(Beginning of Study material)

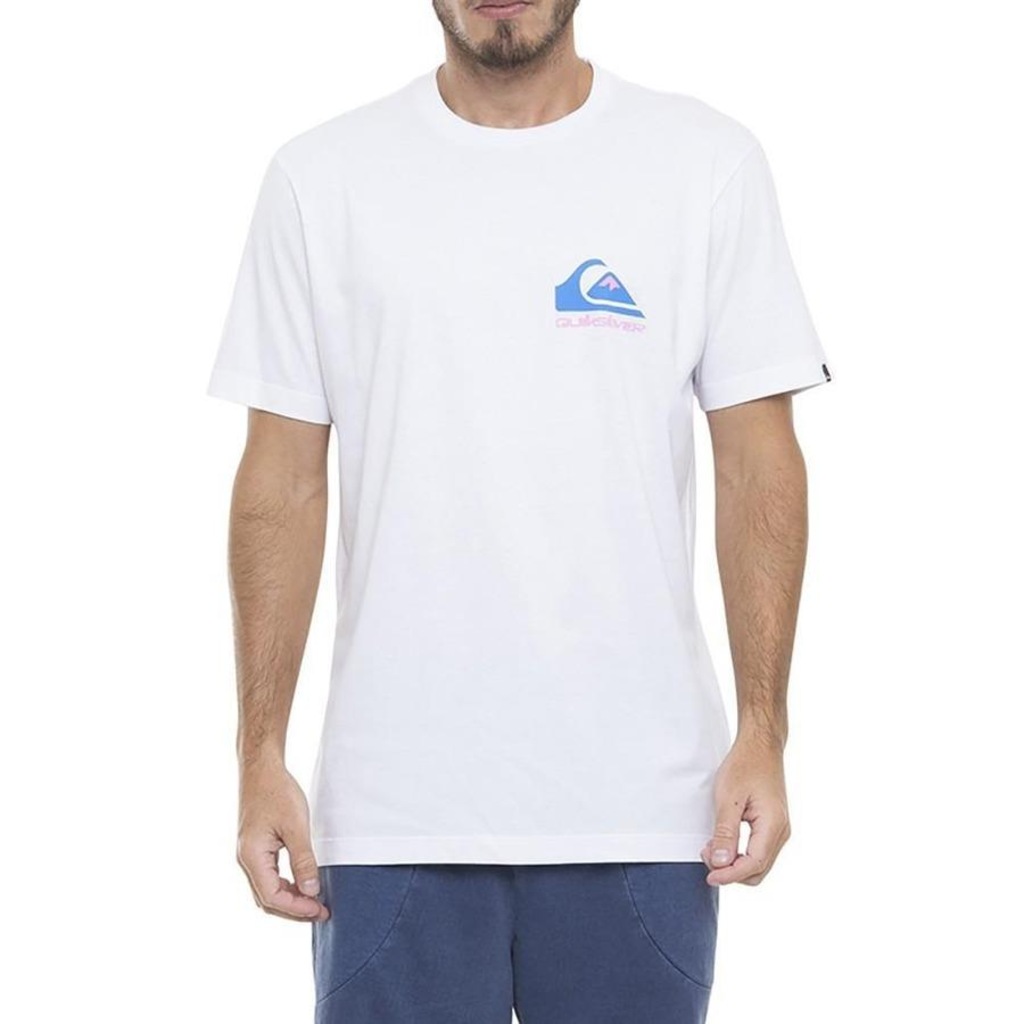 Camiseta Quiksilver Omni Logo - Masculina
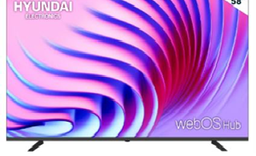 [4396] TV PANTALLA HYUNDAI 58" HYLED5808W4KM SMART 4K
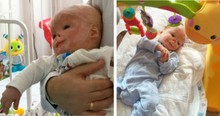 Baby In Russia Gets Abandoned By His Mother After He Suffers A Terrible Accident In The Hospital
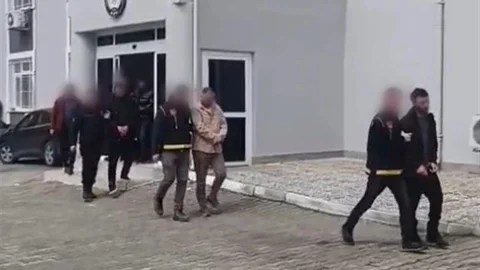 Bursa'da Silahlı Yaralama Şüphelileri Yakalandı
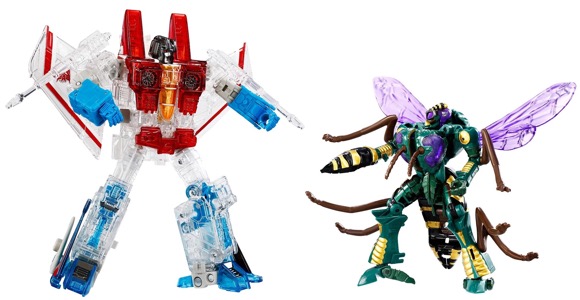 Transformers Masterpiece Ghost Starscream vs Haunted Waspinator BWVS-09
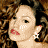 A 4-frame contact sheet of a pixelated celebrity image with three distinct facial expressions and visible text on the right frame.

(End of Study material)

__Work task__: Please give again only the lines from the one containing "Baby In Russia" through the last line of the entries above, exactly as they stand and without pictures.

__Solution to this task__:
 Baby In Russia Gets Abandoned By His Mother After He Suffers A Terrible Accident In The Hospital
 Bursa'da Silahlı Yaralama Şüphelileri Yakalandı
 Transformers Masterpiece Ghost Starscream vs Haunted Waspinator BWVS-09
 A 4-frame contact sheet of a pixelated celebrity image with three distinct facial expressions and visible text on the right frame.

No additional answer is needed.